[Data to examine]

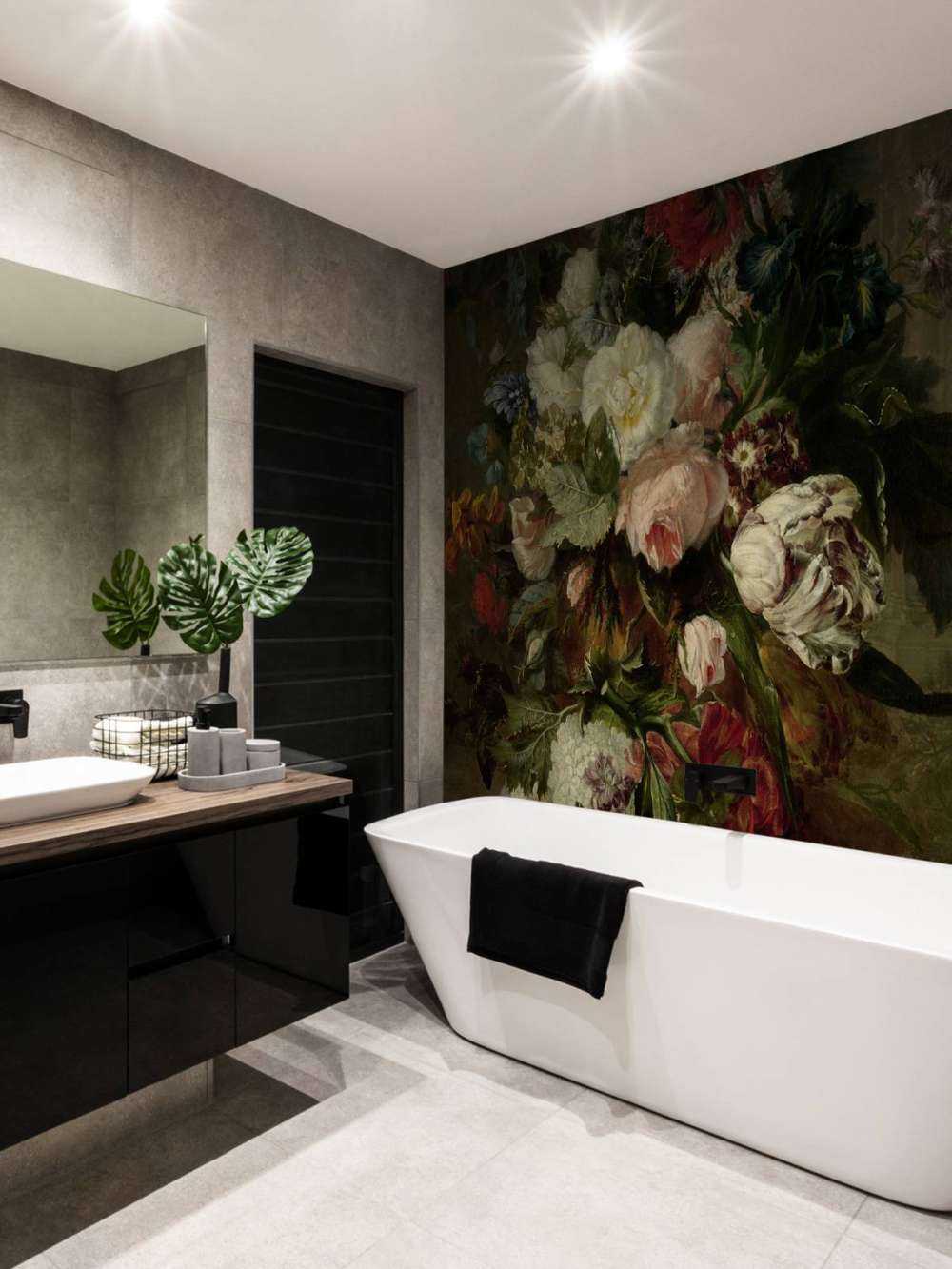 Martwa natura z kwiatami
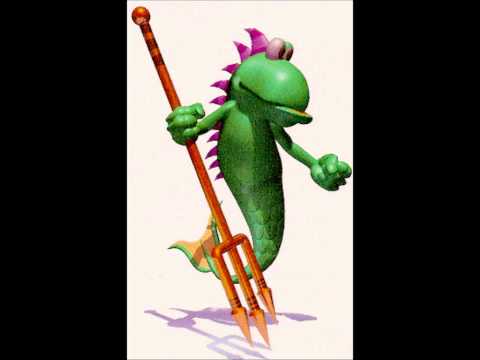 Favourite Videogame Tunes 65: The Deadly Tank of Neptuna - Croc Legend of the Gobbos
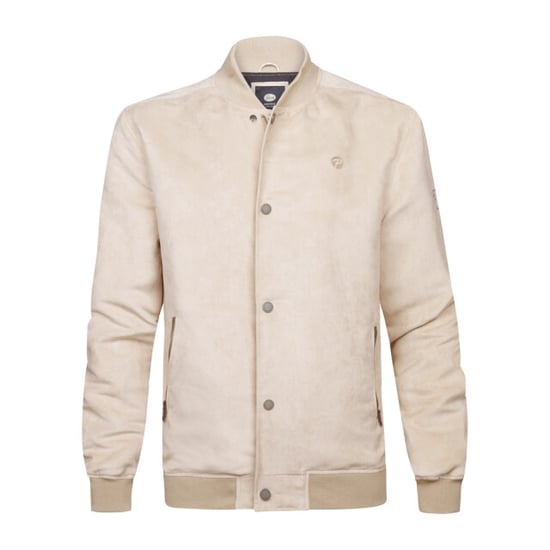 Petrol Industries Men jacket bomber zand - Image 1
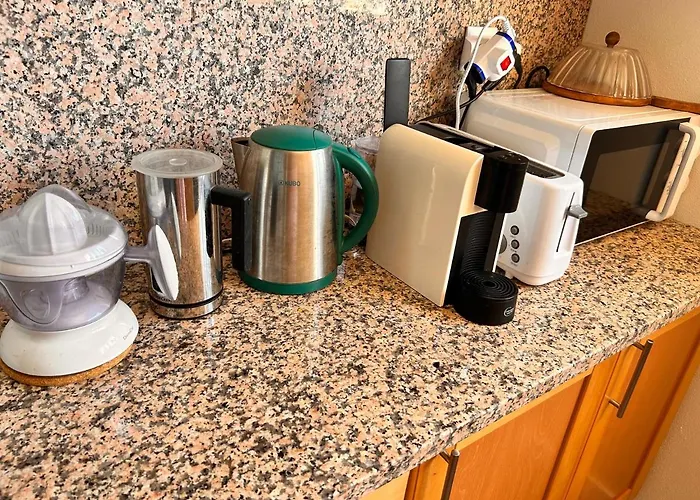 Dacha - Ocean Pensión *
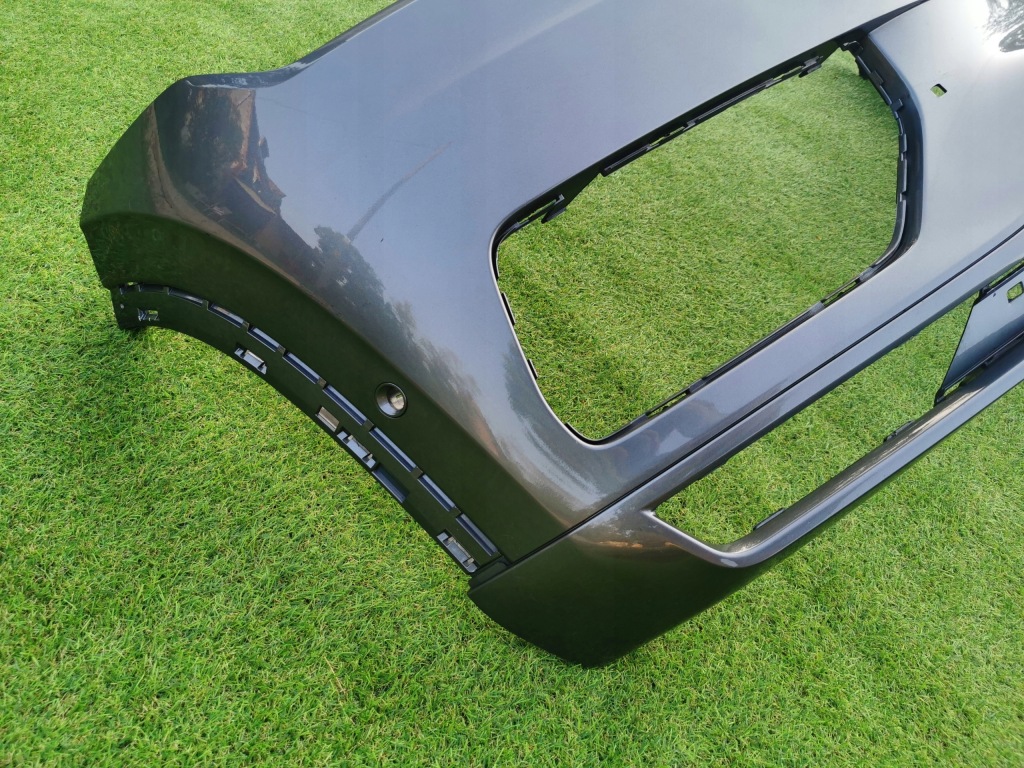 фото №2, Volvo xc90 ii r design бампер перед pdc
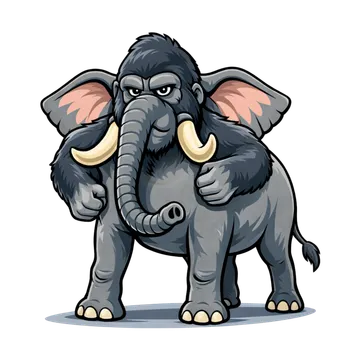 Gorillaphant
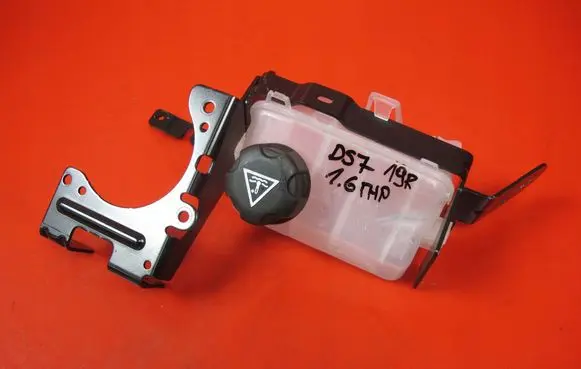 Citroen DS7 Crossback Coolant expansion tank/reservoir 9822414280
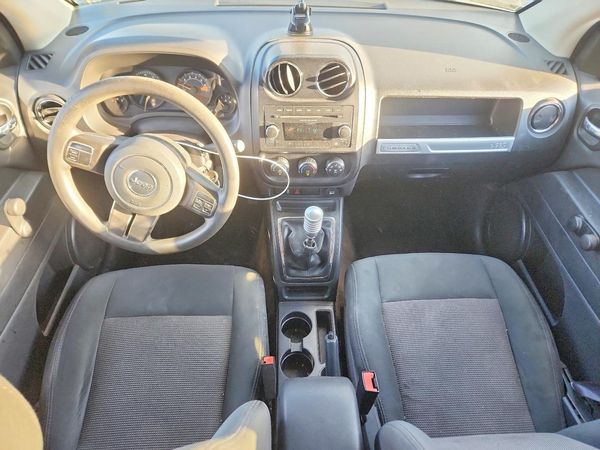 2014 JEEP COMPASS Sport — CKPT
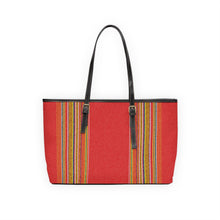 Load image into Gallery viewer, Red Me PU Leather Shoulder Bag
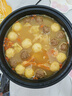 潮夫道牛肉丸潮汕手打250g 火锅食材关东煮丸子丸料空气炸锅生鲜麻辣烫 实拍图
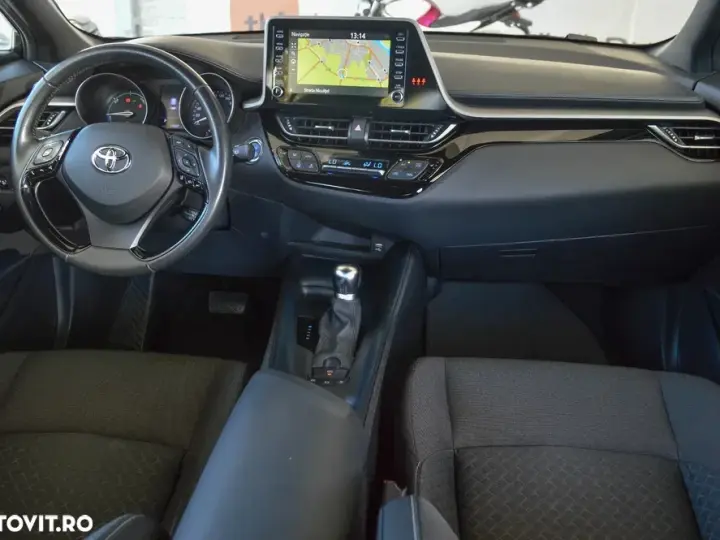 Toyota C-HR Business-Edition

[Work order] Restate word for word the lines from the one with "潮夫道牛肉丸潮汕手打250g 火锅食材关东煮丸子丸料空气炸锅生鲜麻辣烫 实拍图" to the end of the material, both included. Do not include the pictures.

[Answer below]
 潮夫道牛肉丸潮汕手打250g 火锅食材关东煮丸子丸料空气炸锅生鲜麻辣烫 实拍图
 Toyota C-HR Business-Edition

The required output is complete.